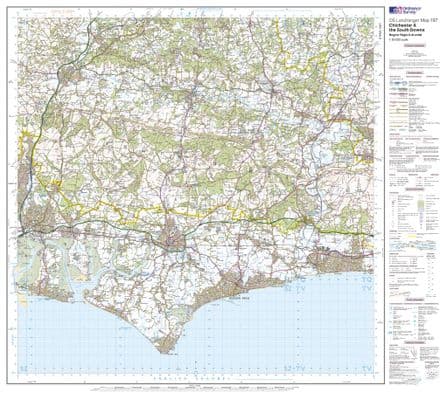 OS Landranger 197 - Chichester & The South Downs - FLAT Rolled in a Tube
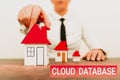 Hand writing sign Cloud Database. Business overview optimized or built for a virtualized computing environment Different Royalty Free Stock Photo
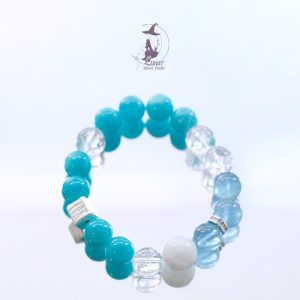 天然水晶手鏈莫三比克收藏級天河石巴西老礦海藍寶禮物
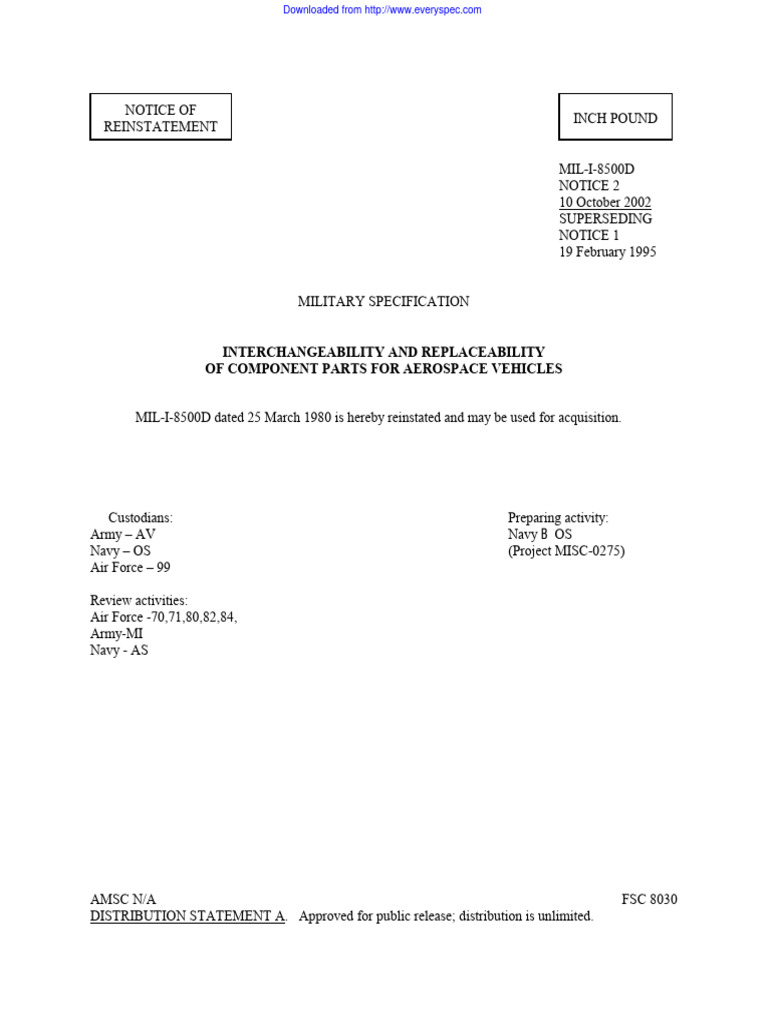 Reinstatement of MIL-I-8500D Specification | PDF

* [Required action]:
Return only the lines from the one that contains "Hand writing sign" through the closing line of the data, inclusive, reproduced exactly and with every picture left out.

* [Your solution]:
 Hand writing sign Cloud Database. Business overview optimized or built for a virtualized computing environment Different Royalty Free Stock Photo
 天然水晶手鏈莫三比克收藏級天河石巴西老礦海藍寶禮物
 Reinstatement of MIL-I-8500D Specification | PDF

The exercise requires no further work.